■ Provided entries:
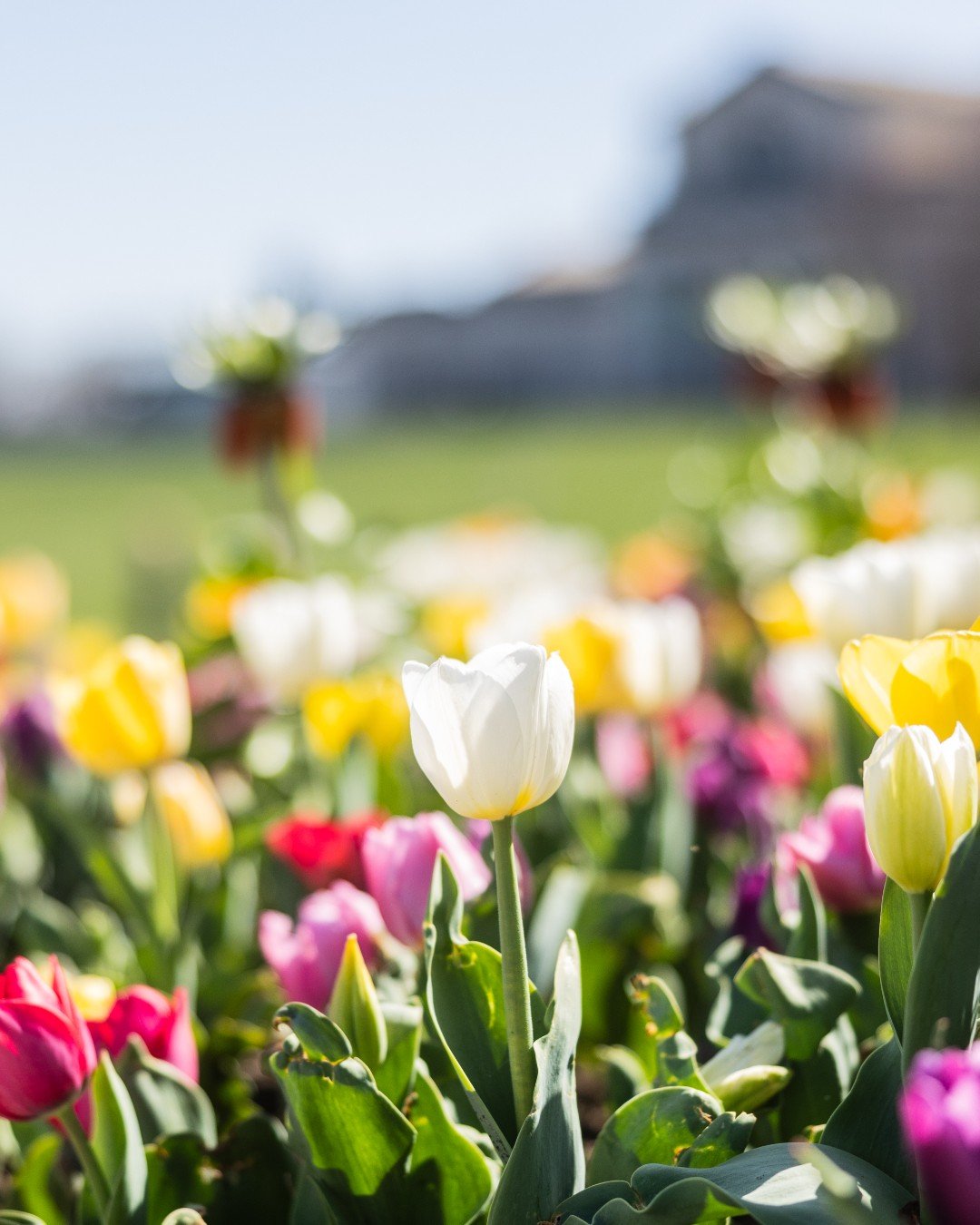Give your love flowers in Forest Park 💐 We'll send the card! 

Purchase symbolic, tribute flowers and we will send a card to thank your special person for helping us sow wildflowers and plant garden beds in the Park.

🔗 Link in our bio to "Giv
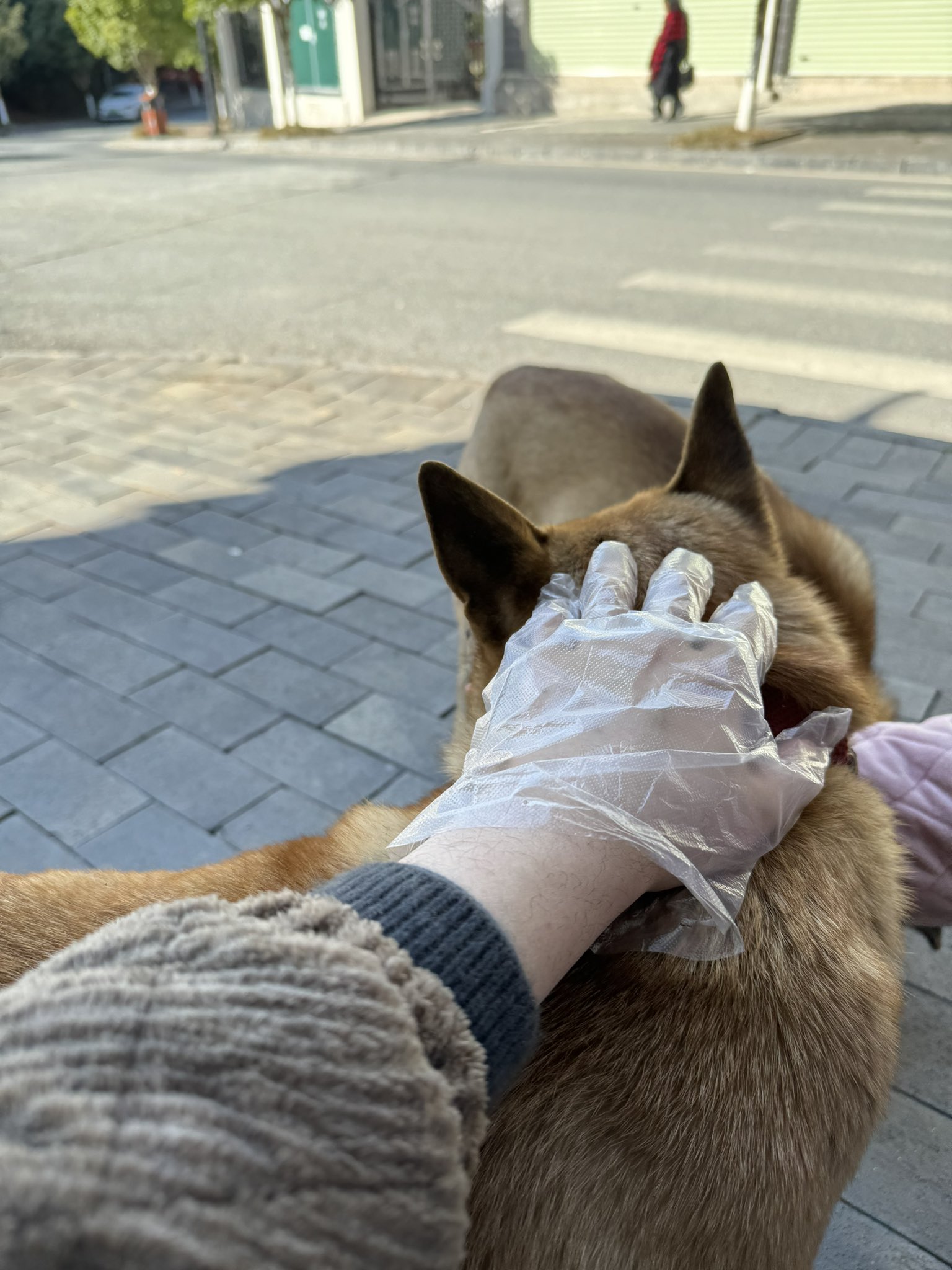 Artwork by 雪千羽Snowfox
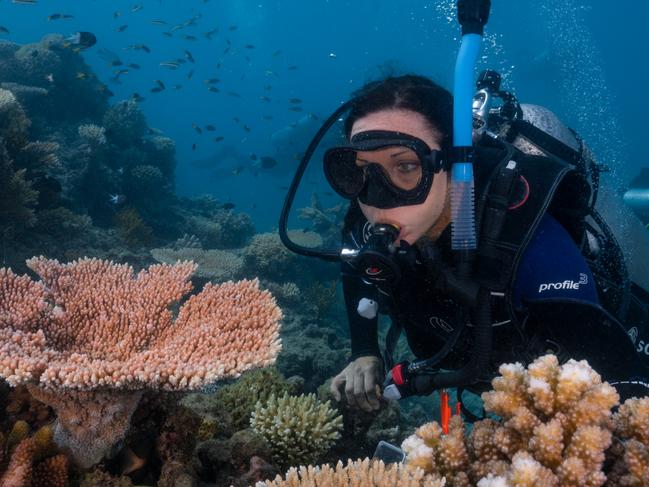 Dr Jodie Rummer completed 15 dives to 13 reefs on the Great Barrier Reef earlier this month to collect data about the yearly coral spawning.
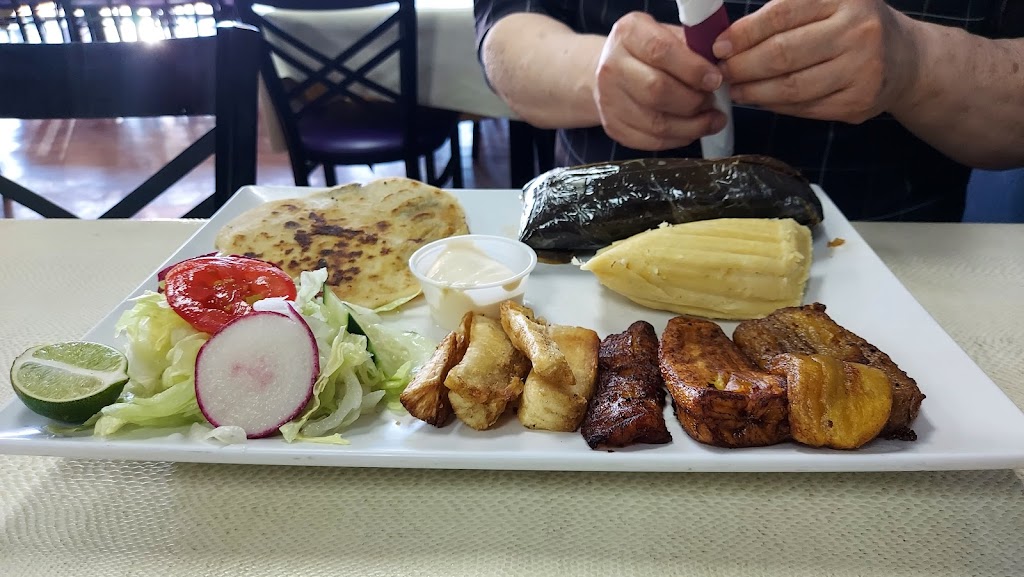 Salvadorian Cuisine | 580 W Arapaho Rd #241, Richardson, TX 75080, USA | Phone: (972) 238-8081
==
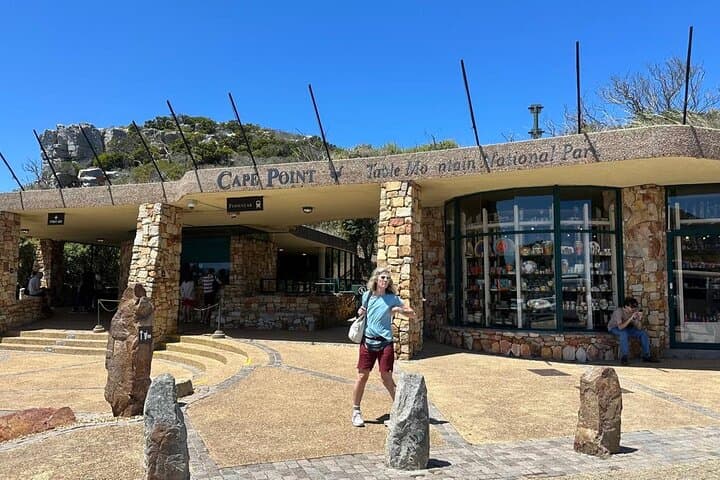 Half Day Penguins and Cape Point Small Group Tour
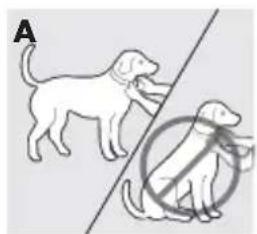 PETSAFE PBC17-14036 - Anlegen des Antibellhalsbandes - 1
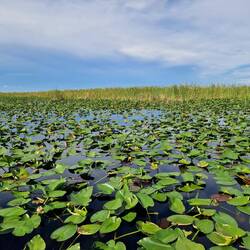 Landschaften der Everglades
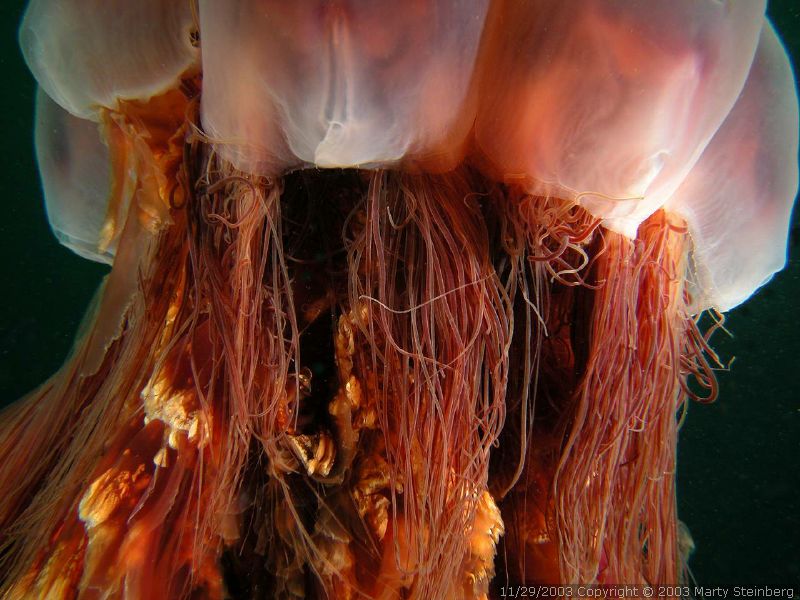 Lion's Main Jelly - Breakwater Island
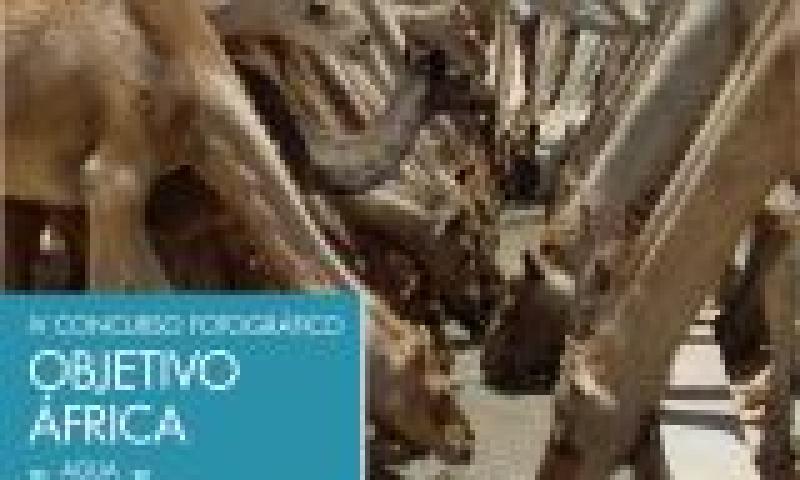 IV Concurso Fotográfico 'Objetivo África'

■ Work instruction:
Retype, exactly and with no pictures, everything above from the line with "Dr Jodie Rummer" down to the line with "Salvadorian Cuisine |", both included.

■ Solution below:
 Dr Jodie Rummer completed 15 dives to 13 reefs on the Great Barrier Reef earlier this month to collect data about the yearly coral spawning.
 Salvadorian Cuisine | 580 W Arapaho Rd #241, Richardson, TX 75080, USA | Phone: (972) 238-8081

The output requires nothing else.